## MATERIAL PROVIDED
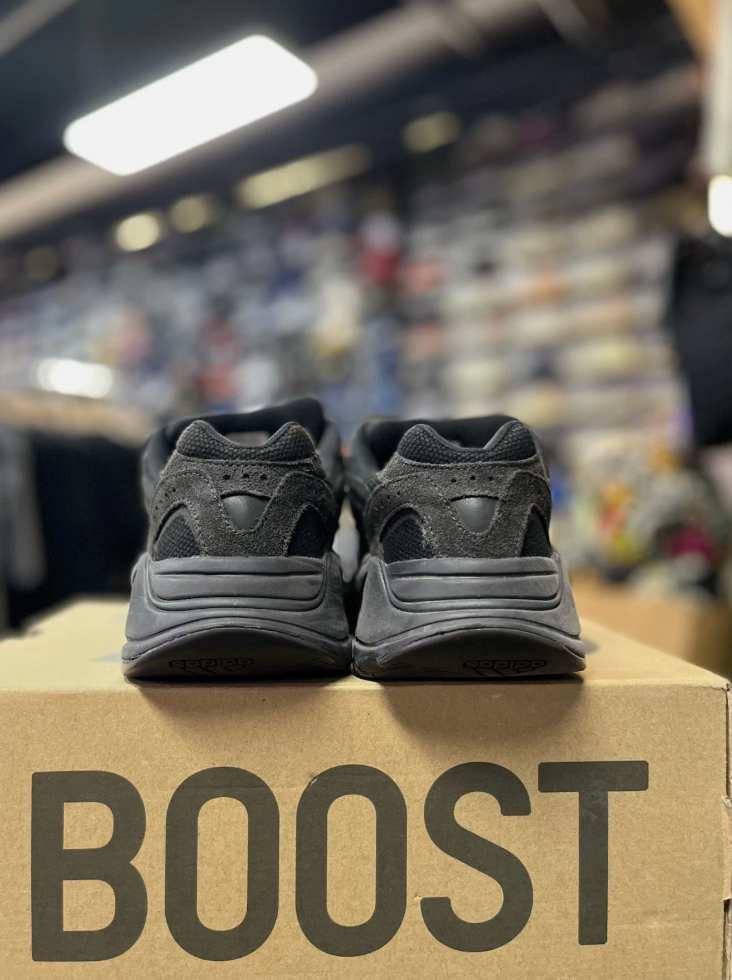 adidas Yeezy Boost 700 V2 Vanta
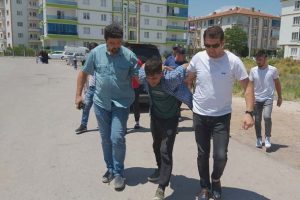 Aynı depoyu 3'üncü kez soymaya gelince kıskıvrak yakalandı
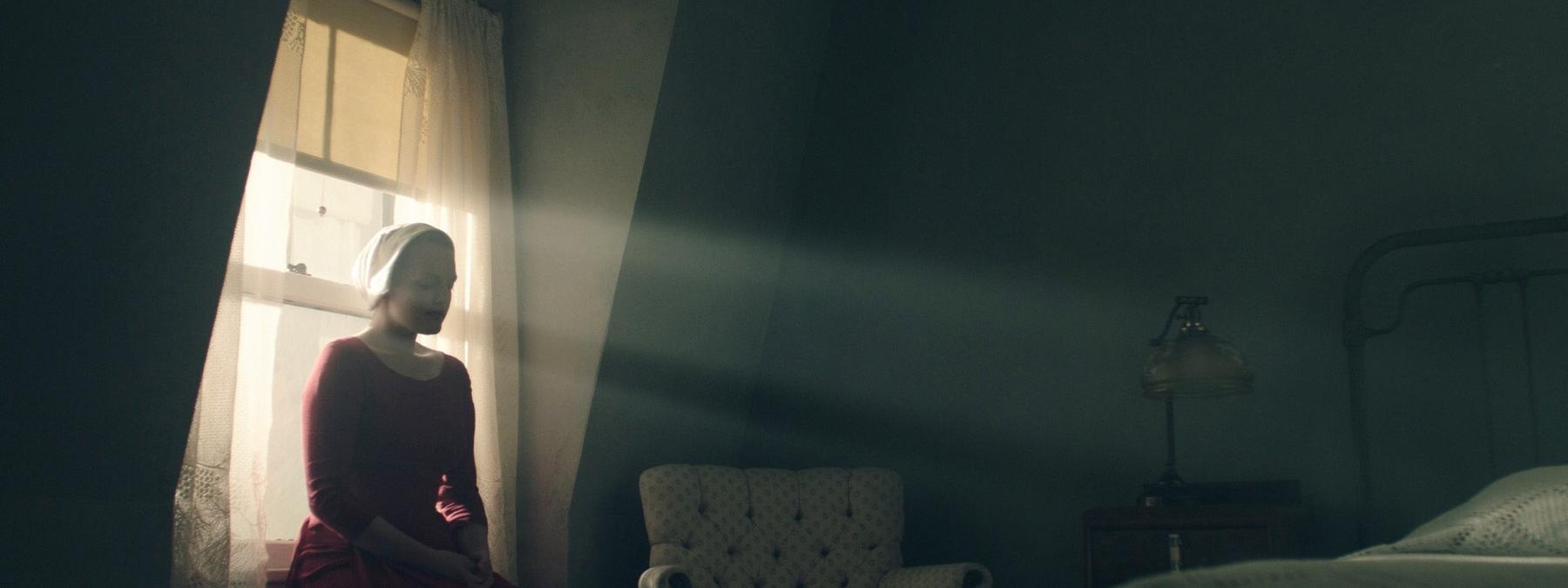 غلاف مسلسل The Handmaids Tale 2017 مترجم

## EXERCISE DIRECTIONS
Each line above should be written out again exactly, and no picture should appear in the copy.

## OUTPUT OF THE EXERCISE
 adidas Yeezy Boost 700 V2 Vanta
 Aynı depoyu 3'üncü kez soymaya gelince kıskıvrak yakalandı
 غلاف مسلسل The Handmaids Tale 2017 مترجم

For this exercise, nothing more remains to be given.